On the screen, superimposed on the actual view, was a series of translucent spidery webs connecting the various parts of the inner solar system and particularly the secondary system around the gas giant. Primary energy flowed not from the moons o
r sun as expected but from the gas giant.
“Interesting. They’re using the very instability of the system that’s causing the tremendous storms and volatility on the planet to give them the power they need to stabilize the inner system,” Darch noted. “There’s no perfect stability, however. Eventually sufficient energy will be lost in the exchange to weaken the planet. Not much, but the tolerances here are very slight. It will slow, begin falling inward taking everything with it, and collide with the sun. The result will be a monstrous explosion and possibly the formation of a small singularity. We don’t want to be anywhere around when that happens.”
“How far away would be safe?” Maslovic asked him.
“Um, how about a hundred and fifty or so light-years minimum? No, when this goes, it’s going to take the evidence with it.”
“How long until that happens?”
“Hard to say. Remember, what you’re seeing is presupposing an artificial construct with forces we can’t measure or understand and which, if they exist, have been fairly stable for centuries, maybe longer. However, there is very small slippage, measurable slippage, of the big guy in system. Whatever process is going on, it’s begun. Still, I don’t think we’re talking tomorrow or next week or even next year, but when it goes, it’s going to go really quick.”
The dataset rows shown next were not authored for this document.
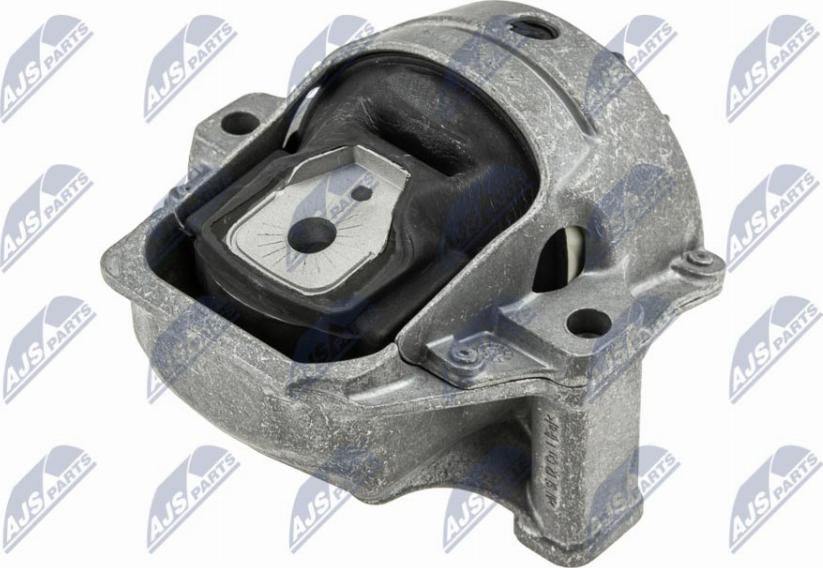 NTY ZPS-AU-002 - Подушка, опора, подвеска двигателя autospares.lv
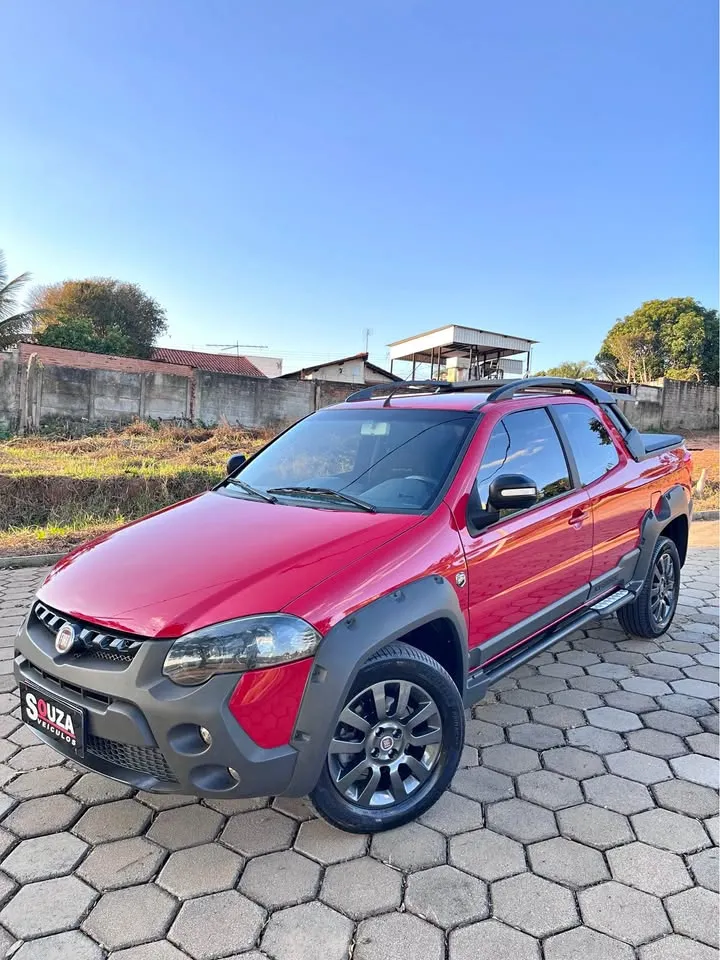 2017 FIAT Strada
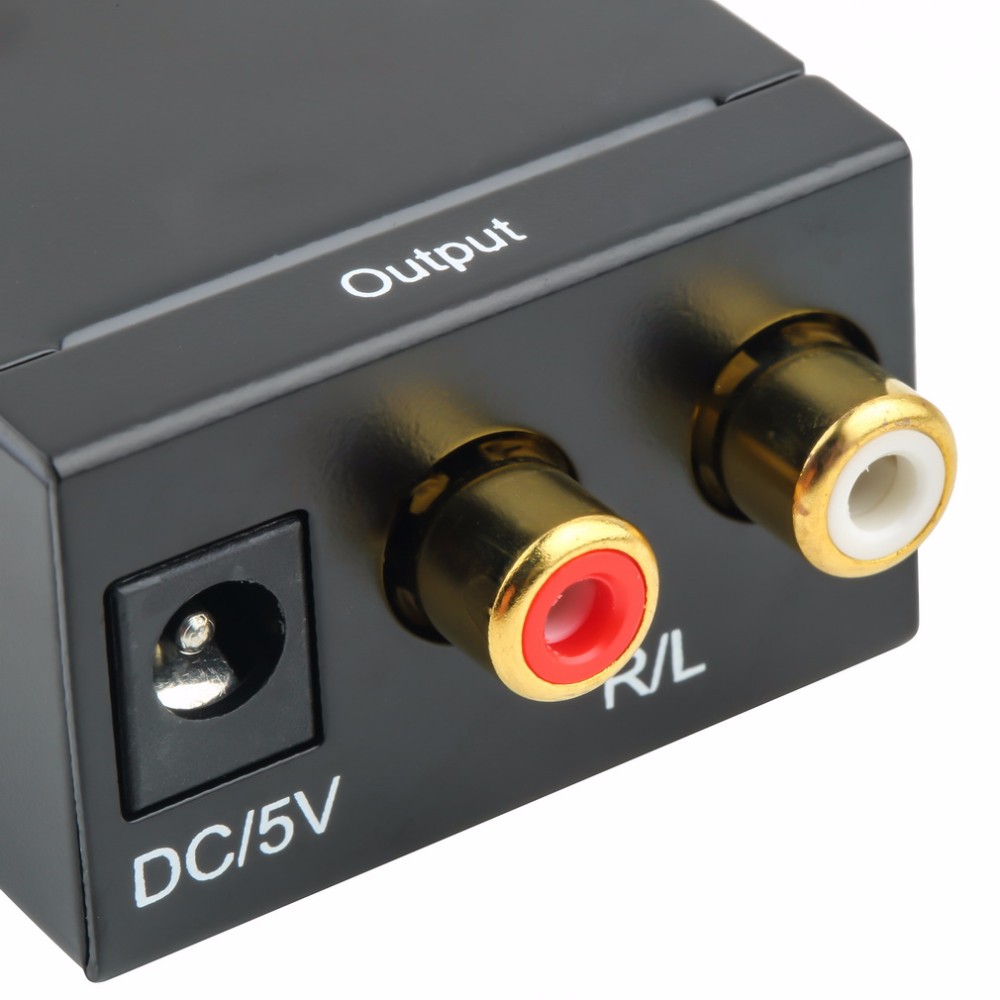 Adapter Optical to RCA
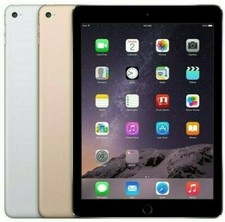 UNLOCKED Apple iPad Air 2 64GB A1567 9.7in WiFi  4G LTE Tablet READ 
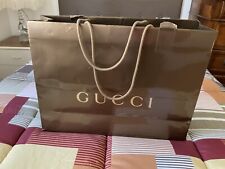 Gucci shopper carta usato  Palmanova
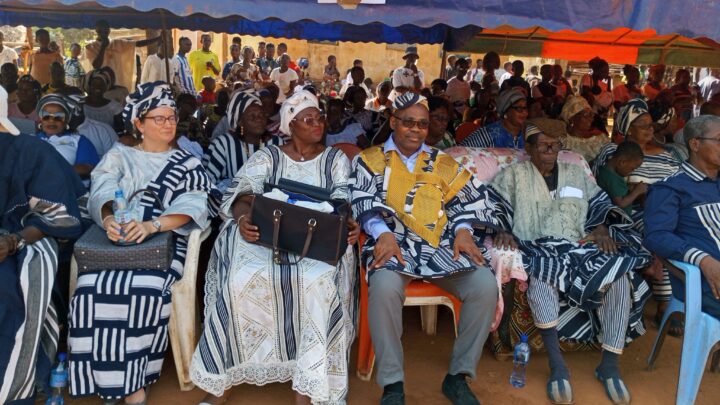 Culture ( Festival): Le pagne traditionnel Dan ”Zagouèlé” célébré dans le village portant son nom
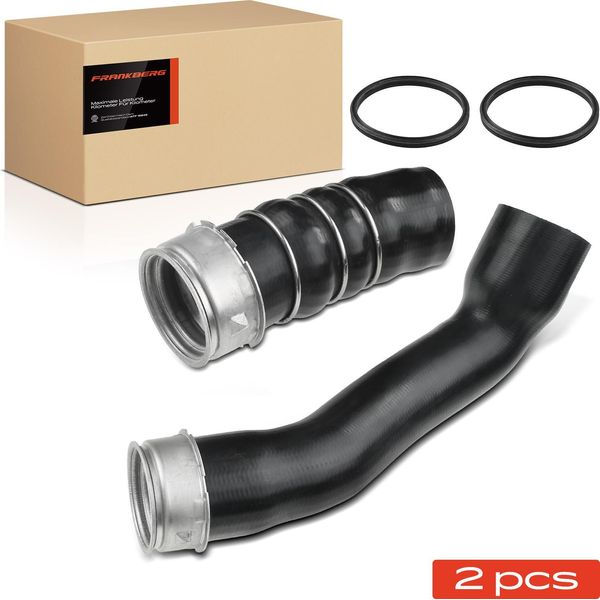 Frankberg 2X Tubo Aria Di Carica Tubo Turbo Per Bmw Serie 3 Touring E90 E91-image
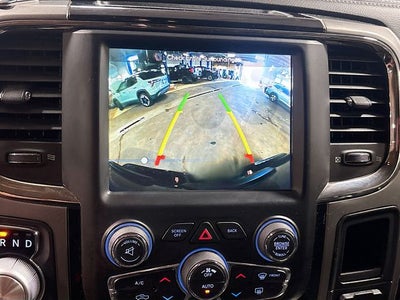 2018 RAM 1500 Night W/ PARK SENSE FRNT/ REAR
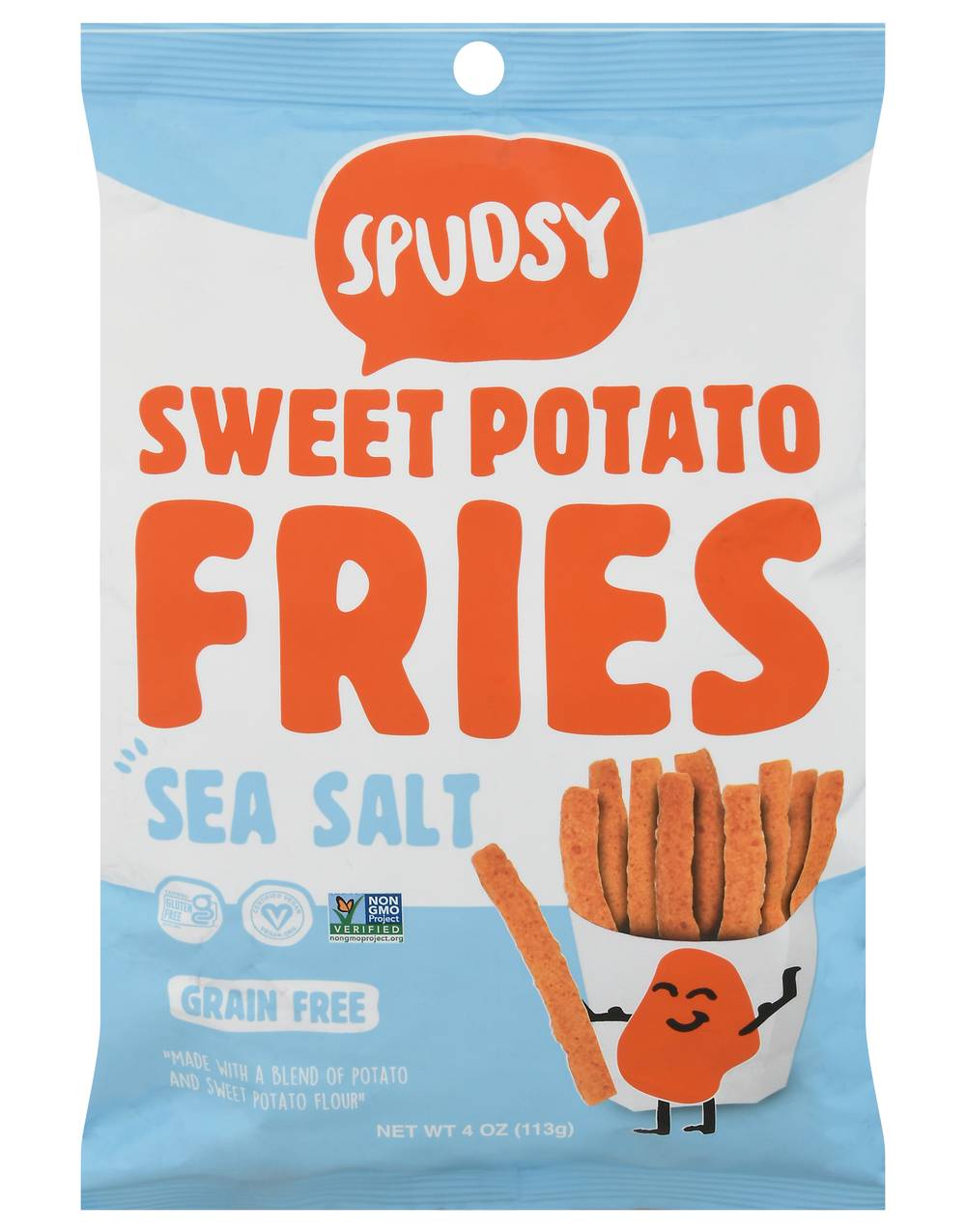 Spudsy Sea Salt Sweet Potato Fries (4 oz)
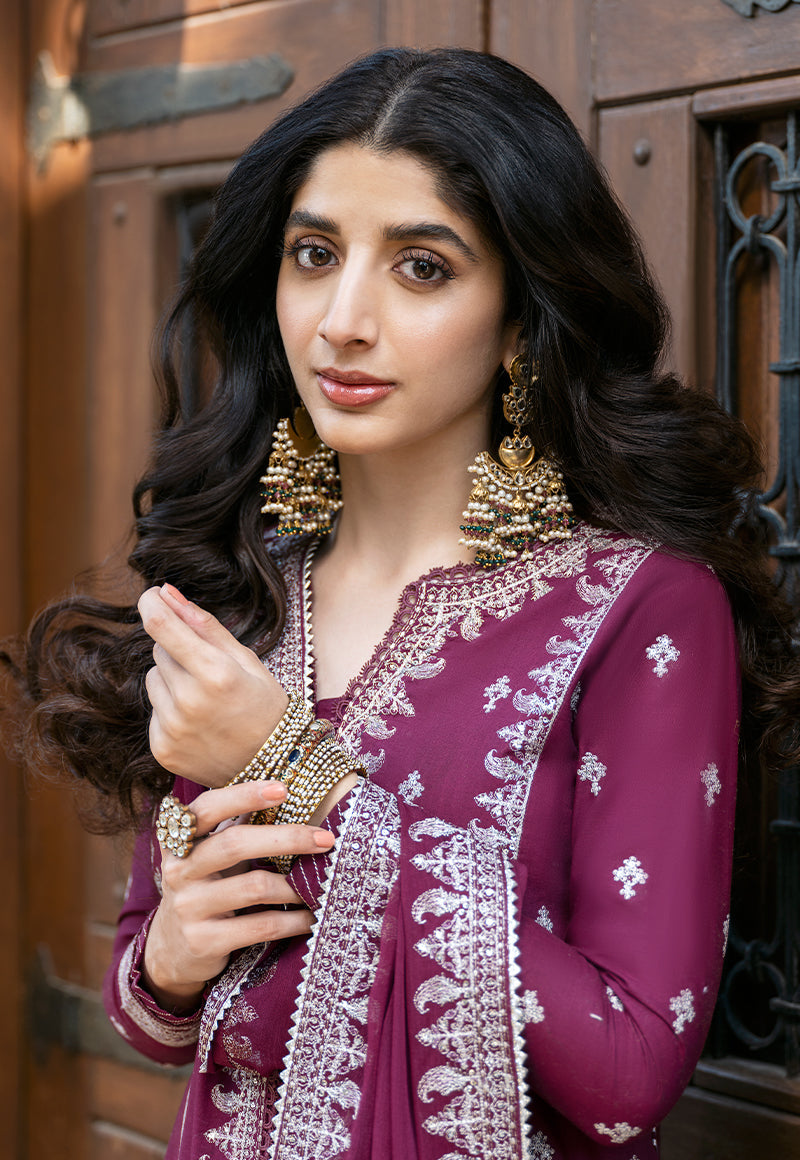 AJKM-02 | Asim Jofa Eid Festive 2023 | Unstitched Poly Cotton Suits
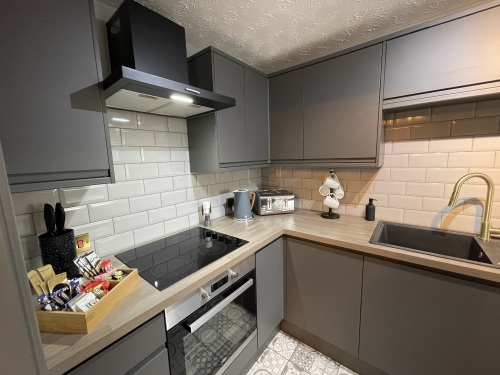 Fully equipped kitchen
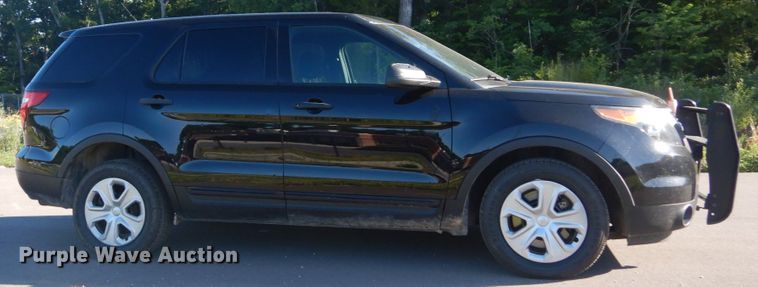 image for item IT9181 2015 Ford Explorer Police  SUV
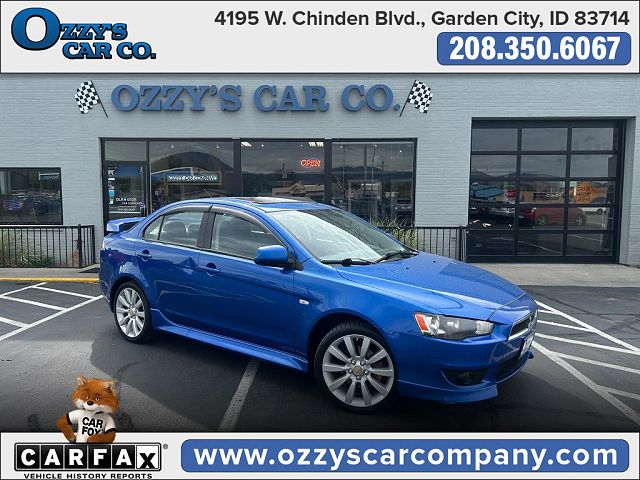 2010 Mitsubishi Lancer GTS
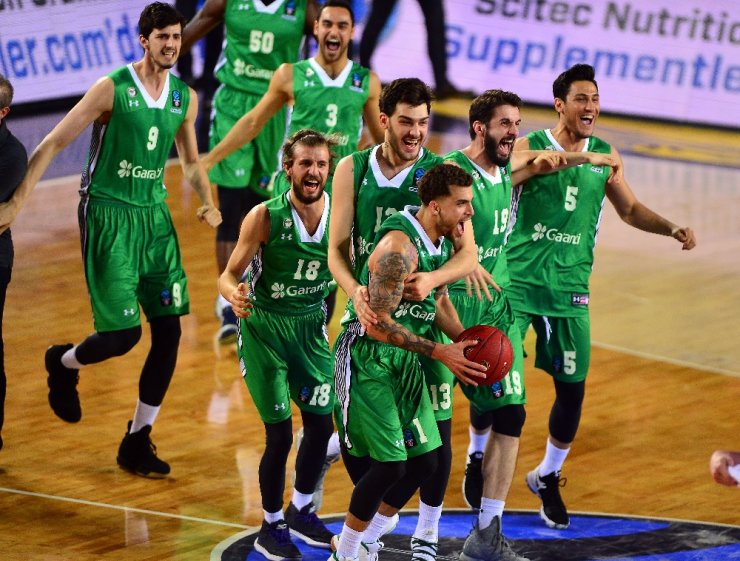Avrupa Şampiyonu Darüşşafaka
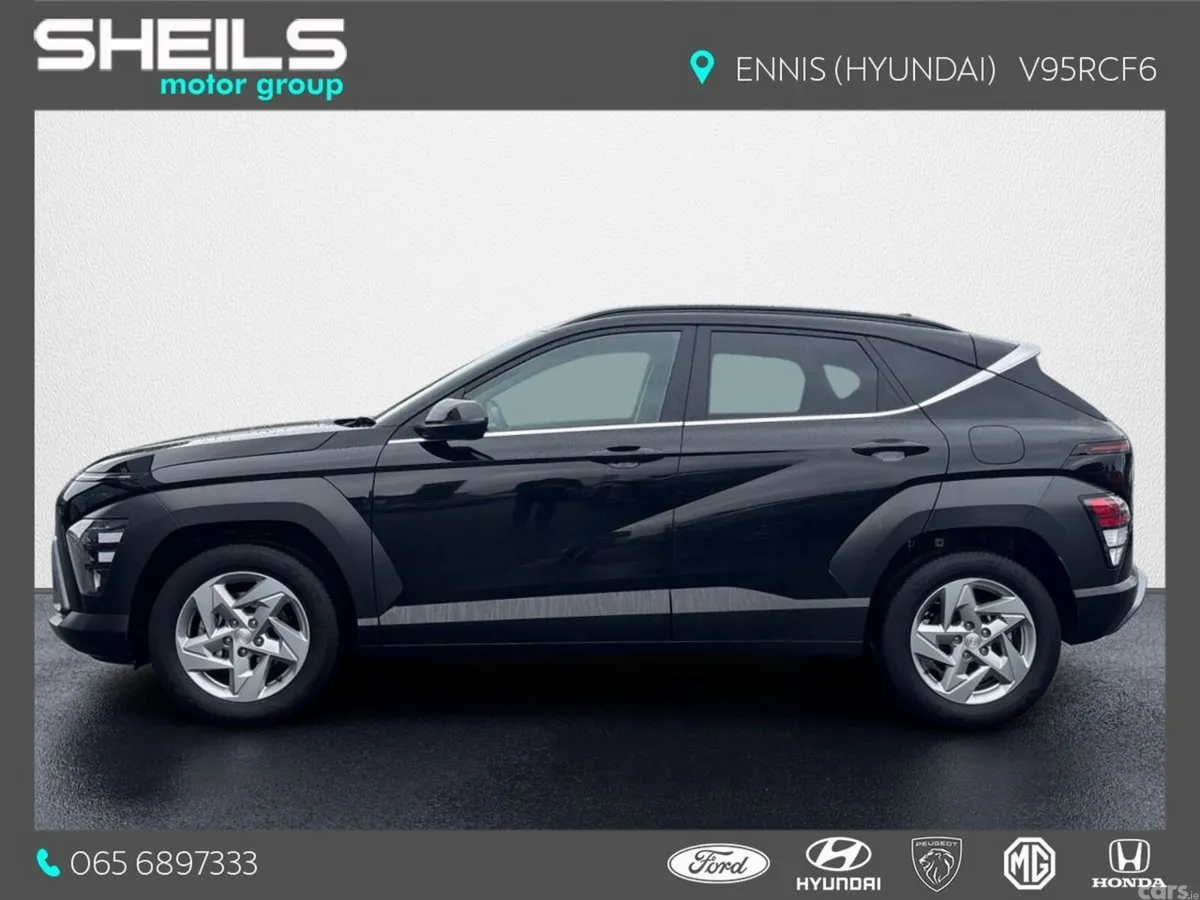 Hyundai KONA MPV, Petrol, 2026, Black
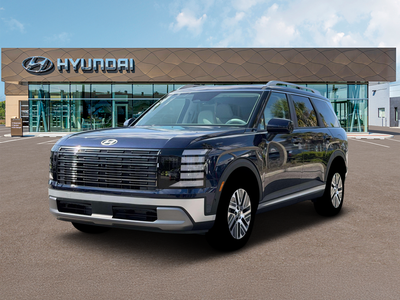 2026 Hyundai PALISADE HYBRID Blue SEL Premium 7P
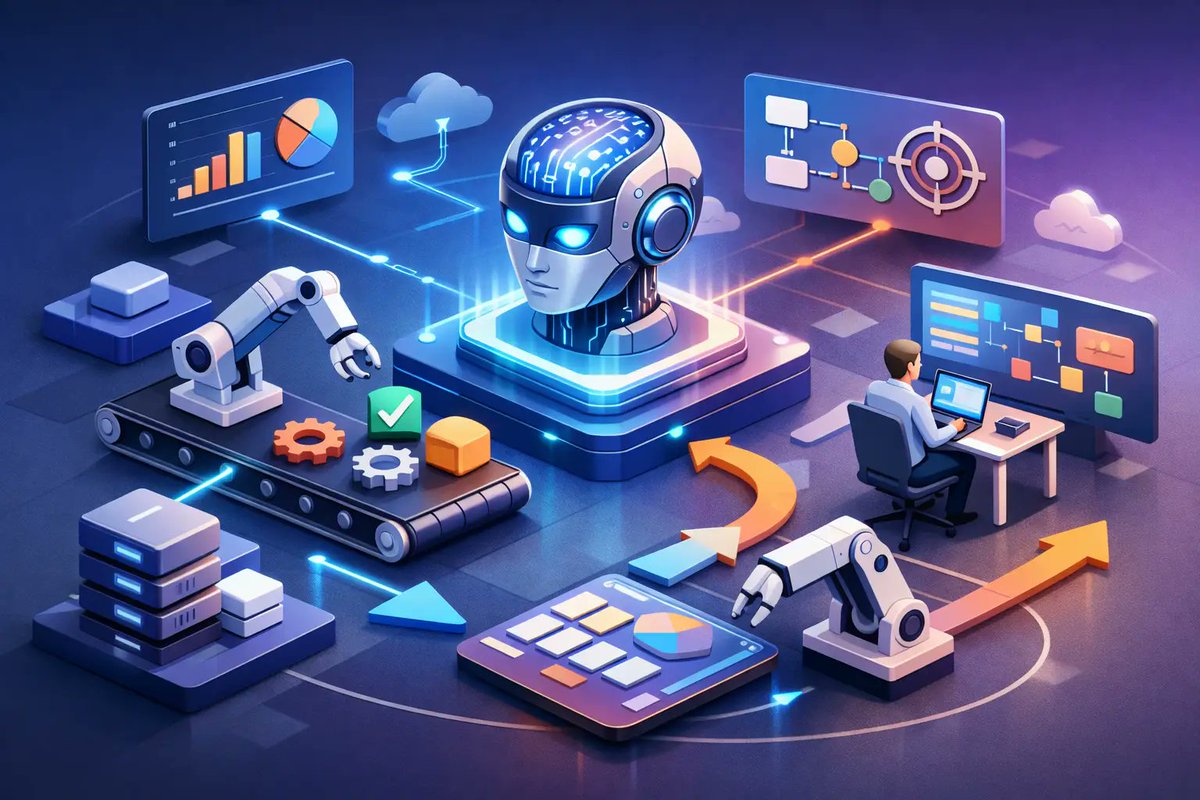 couponbeenet's tweet image. Streamline your workflow, not just your time! 🗂️✨ Embrace AI for optimized productivity and watch the chaos turn into clarity. 🚀💼 tinyurl.com/4frw42ce #WorkflowOptimization #Productivity #AI #Efficiency #WorkSmart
“Which of those three big moons in the life tolerances zone around the big boy would be most likely to harbor the builders?”
Darch chuckled. “Oh, none of ’em. Whoever did this, assuming somebody did, wasn’t from around here any more than we are. But, boy! Is that technology impressive!”
Maslovic thought a moment, then asked, “So, Darch, if they have that kind of power, could we blow it up if we have to?”
“All else being even, I’d say yes,” the tech chief replied. “Depends on whether or not they deployed defenses at the same level as their building projects. I’d walk real careful on this one, Chief. If we could blow it, we’d almost certainly be killed in the same attempt, since it would destabilize everything. Wouldn’t be much of an escape route.”